Am J Pediatr Hematol Oncol. 1990 Summer;12(2):168-73. doi: 10.1097/00043426-199022000-00008.
Four patients from 4 to 24 years of age (3 males, 1 female) with generalized lymphadenopathy, hepatosplenomegaly, and intermittent fever associated with chronic active Epstein-Barr virus (EBV) infection were investigated. Laboratory data showed polyclonal gammopathy and a tendency for bone marrow suppression. Noteworthy were the extremely elevated immunoglobulin G (IgG) antibody titers to Epstein-Barr viral capsid antigen (VCA) (range, 10,240-81,920) and early antigen (EA) (range, 1,280-40,960).

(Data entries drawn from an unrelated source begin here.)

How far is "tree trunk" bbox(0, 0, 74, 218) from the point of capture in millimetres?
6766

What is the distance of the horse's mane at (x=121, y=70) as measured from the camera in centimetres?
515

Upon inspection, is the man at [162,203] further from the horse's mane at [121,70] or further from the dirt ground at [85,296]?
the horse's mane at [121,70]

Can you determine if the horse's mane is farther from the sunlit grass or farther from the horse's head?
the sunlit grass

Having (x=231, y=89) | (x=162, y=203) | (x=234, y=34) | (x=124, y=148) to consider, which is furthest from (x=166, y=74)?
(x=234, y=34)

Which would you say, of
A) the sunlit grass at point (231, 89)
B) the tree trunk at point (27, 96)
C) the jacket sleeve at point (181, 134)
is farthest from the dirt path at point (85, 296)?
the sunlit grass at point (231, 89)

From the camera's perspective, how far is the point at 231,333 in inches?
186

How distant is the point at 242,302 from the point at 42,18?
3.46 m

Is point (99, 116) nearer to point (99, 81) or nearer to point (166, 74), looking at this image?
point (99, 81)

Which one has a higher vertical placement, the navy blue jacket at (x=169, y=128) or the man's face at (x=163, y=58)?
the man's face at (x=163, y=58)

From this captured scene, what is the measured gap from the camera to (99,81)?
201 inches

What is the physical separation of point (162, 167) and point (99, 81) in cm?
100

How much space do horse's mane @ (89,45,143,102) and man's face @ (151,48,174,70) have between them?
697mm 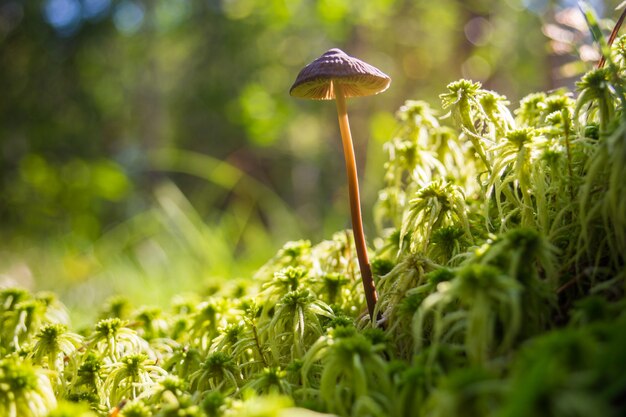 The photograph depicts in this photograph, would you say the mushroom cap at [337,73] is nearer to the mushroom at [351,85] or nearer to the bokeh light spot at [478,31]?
the mushroom at [351,85]

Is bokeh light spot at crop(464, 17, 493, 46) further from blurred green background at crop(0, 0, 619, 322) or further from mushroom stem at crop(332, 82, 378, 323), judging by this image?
mushroom stem at crop(332, 82, 378, 323)

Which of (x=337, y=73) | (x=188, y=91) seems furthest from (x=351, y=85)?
(x=188, y=91)

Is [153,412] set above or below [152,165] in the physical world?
below

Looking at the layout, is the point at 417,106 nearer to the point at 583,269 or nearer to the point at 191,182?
the point at 583,269

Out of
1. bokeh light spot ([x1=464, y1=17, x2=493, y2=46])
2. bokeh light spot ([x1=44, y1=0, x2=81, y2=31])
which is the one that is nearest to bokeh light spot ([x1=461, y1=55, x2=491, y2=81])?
bokeh light spot ([x1=464, y1=17, x2=493, y2=46])

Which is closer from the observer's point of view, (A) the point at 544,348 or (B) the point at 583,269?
(A) the point at 544,348

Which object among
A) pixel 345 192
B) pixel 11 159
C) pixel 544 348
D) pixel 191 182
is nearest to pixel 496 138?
pixel 544 348

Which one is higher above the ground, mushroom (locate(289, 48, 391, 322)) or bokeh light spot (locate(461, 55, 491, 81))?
bokeh light spot (locate(461, 55, 491, 81))

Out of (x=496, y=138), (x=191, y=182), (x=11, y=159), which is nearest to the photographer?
(x=496, y=138) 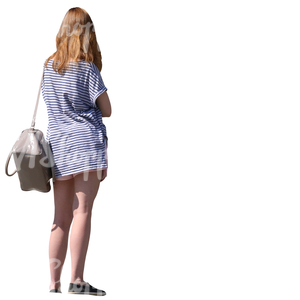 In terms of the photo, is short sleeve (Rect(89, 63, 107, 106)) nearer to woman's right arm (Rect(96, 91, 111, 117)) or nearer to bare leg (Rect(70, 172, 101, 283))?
woman's right arm (Rect(96, 91, 111, 117))

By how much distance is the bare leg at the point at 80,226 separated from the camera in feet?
20.3

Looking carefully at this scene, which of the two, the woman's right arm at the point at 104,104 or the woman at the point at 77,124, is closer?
the woman at the point at 77,124

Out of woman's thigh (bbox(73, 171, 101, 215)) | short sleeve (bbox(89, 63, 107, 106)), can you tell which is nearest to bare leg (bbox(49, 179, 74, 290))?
woman's thigh (bbox(73, 171, 101, 215))

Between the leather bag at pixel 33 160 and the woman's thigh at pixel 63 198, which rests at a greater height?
the leather bag at pixel 33 160

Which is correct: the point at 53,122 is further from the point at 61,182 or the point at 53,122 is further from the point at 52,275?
the point at 52,275

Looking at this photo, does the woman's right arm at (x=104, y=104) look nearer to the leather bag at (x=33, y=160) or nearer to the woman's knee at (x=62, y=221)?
the leather bag at (x=33, y=160)

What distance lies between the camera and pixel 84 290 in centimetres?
616

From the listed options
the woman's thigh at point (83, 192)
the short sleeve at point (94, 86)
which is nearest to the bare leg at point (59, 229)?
the woman's thigh at point (83, 192)

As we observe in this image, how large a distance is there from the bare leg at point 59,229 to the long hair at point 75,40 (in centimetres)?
108

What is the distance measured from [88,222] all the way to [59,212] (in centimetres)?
31

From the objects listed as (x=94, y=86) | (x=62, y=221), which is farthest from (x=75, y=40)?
(x=62, y=221)

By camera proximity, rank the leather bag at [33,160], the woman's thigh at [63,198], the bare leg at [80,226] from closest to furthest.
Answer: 1. the leather bag at [33,160]
2. the bare leg at [80,226]
3. the woman's thigh at [63,198]

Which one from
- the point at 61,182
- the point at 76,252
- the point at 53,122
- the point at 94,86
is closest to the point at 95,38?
the point at 94,86

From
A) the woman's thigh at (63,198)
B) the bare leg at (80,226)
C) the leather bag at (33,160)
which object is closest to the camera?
the leather bag at (33,160) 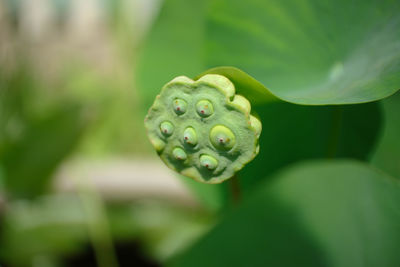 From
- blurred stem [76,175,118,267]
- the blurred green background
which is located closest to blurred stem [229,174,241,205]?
the blurred green background

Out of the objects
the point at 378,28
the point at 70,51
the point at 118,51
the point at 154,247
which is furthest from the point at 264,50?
the point at 70,51

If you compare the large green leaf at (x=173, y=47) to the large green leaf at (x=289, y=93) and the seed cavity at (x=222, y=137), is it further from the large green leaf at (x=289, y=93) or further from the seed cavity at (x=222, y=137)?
the seed cavity at (x=222, y=137)

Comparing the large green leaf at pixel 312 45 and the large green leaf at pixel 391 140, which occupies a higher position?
the large green leaf at pixel 312 45

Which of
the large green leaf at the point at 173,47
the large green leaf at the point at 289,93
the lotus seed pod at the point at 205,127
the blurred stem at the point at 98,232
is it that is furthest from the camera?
the blurred stem at the point at 98,232

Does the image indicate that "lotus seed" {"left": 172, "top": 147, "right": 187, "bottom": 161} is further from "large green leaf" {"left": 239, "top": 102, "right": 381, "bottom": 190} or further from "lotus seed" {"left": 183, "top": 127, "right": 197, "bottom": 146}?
"large green leaf" {"left": 239, "top": 102, "right": 381, "bottom": 190}

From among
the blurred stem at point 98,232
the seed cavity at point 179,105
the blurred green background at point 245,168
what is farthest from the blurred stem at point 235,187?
the blurred stem at point 98,232

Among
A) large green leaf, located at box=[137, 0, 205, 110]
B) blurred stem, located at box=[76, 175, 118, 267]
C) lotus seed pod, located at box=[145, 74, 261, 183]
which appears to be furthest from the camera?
blurred stem, located at box=[76, 175, 118, 267] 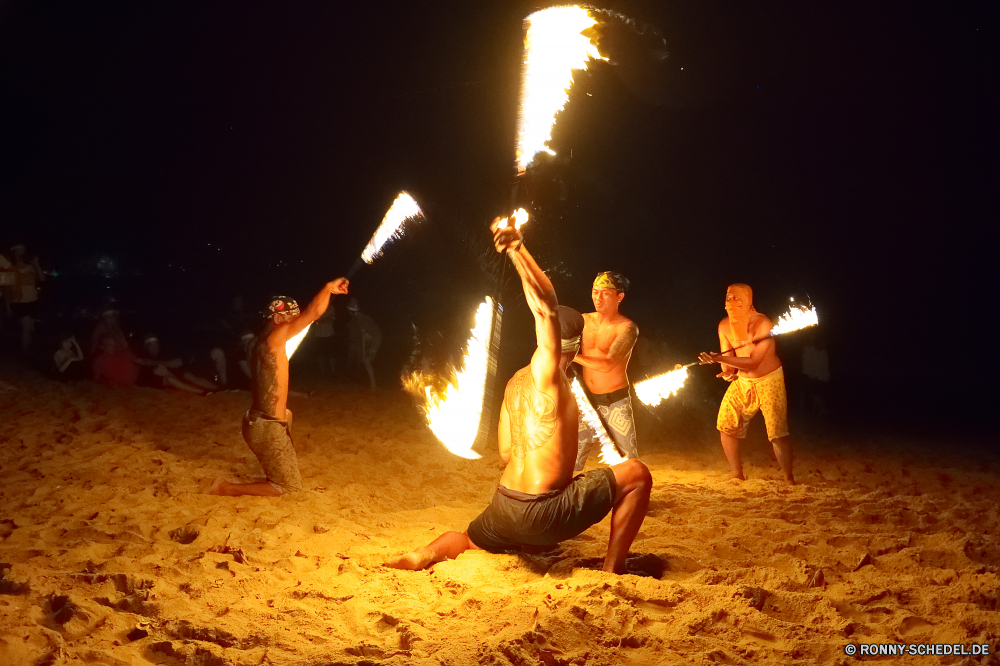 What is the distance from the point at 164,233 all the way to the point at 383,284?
12178 mm

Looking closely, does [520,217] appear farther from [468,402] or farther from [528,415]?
[468,402]

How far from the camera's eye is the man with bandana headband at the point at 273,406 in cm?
549

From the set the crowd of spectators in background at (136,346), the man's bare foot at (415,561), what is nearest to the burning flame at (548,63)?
the man's bare foot at (415,561)

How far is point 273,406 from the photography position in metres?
5.52

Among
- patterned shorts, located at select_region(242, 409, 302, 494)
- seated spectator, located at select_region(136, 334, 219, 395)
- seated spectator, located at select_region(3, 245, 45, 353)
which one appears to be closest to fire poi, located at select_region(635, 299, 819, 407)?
patterned shorts, located at select_region(242, 409, 302, 494)

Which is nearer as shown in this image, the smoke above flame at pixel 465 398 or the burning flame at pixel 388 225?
the burning flame at pixel 388 225

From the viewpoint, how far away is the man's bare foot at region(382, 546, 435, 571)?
4.02 metres

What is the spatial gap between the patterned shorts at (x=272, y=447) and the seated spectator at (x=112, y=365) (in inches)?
202

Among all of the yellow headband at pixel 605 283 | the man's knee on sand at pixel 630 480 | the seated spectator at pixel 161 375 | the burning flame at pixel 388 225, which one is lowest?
the man's knee on sand at pixel 630 480

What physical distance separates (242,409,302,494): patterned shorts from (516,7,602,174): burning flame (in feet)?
10.4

All patients had IgA antibodies to VCA and EA. Subtle, heterogeneous immune functional defects were observed in all four patients. Another unusual feature was our inability to establish spontaneous or B95-8 EBV-immortalized lymphoblastoid cell lines (LCLs) due to a marked cytopathic effect (CPE). Thus, we investigated for other viruses. Both IgG and IgM antibodies to adenovirus type-2 (Ad-2) were positive by enzyme-linked immunosorbent assay (ELISA) and immunofluorescence (IF) test, suggesting recent or activated Ad-2 infection had occurred. Dual active EBV and Ad-2 infections were likely etiologic in this severe chronic active EBV infection syndrome.
对4例年龄在4至24岁之间(3例男性,1例女性)患有全身淋巴结肿大、肝脾肿大以及与慢性活动性爱泼斯坦-巴尔病毒(EBV)感染相关的间歇性发热的患者进行了研究。实验室数据显示多克隆丙种球蛋白病以及骨髓抑制倾向。值得注意的是,针对爱泼斯坦-巴尔病毒衣壳抗原(VCA)的免疫球蛋白G(IgG)抗体滴度极高(范围为10240至81920),针对早期抗原(EA)的抗体滴度也极高(范围为1280至40960)。所有患者均有针对VCA和EA的IgA抗体。在所有4例患者中均观察到细微的、异质性的免疫功能缺陷。另一个不寻常的特征是,由于明显的细胞病变效应(CPE),我们无法建立自发的或B95 - 8 EBV永生化淋巴母细胞系(LCLs)。因此,我们对其他病毒进行了检测。通过酶联免疫吸附测定(ELISA)和免疫荧光(IF)试验,针对2型腺病毒(Ad - 2)的IgG和IgM抗体均呈阳性,提示近期发生了Ad - 2感染或Ad - 2感染处于激活状态。双重活动性EBV和Ad - 2感染可能是这种严重慢性活动性EBV感染综合征的病因。